There is a HUGE COST to attempting to ignore the golden rule. The cost is that your mind becomes split, you become self-destructive and suicidal, you become alone and lonely, you become weakened and live in darkness, the world becomes a nightmare of conflict and war, you lose all sense of peace and happiness, communication breaks down and you become unable to relate to anyone, it makes you question whether you even exist, and you will try to destroy yourself. That's a pretty major cost for believing something that isn't true, as if it were real.

You DO have a vested interest, because when you attack you DO experience consequences, even if you do not REALIZE that you do. You may not recognize that every time you attack you feel worse. You may not recognize that when you hate someone you feel awful and guilty.

You may not recognize that when you accuse someone angrily of being guilty of something, to make yourself feel better, you increase your sense of being separate and small and weak and alone. Or that anger hurts your mind and body. You have to recognize what the consequences of attack ARE, so that you will decide that you do not WANT to be murderous anymore, because it actually is not REALLY in your best interests.

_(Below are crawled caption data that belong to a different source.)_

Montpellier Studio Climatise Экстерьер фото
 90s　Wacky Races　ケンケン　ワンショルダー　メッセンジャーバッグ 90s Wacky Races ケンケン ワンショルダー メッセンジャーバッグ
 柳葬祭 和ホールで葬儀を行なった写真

The golden rule always applies. It is never broken or violated. You can deny it. If you deny it you will suffer. If you deny it you will be confused as to why your life sucks, and you will probably blame it on someone else, thinking that they are not you, and that therefore you haven't blamed yourself. Everything you do you to do yourself and to all your brothers, to the entire sonship and to God. This is also the secret of salvation. You are INCLUDED IN EVERYTHING. And inclusion is ultimately love.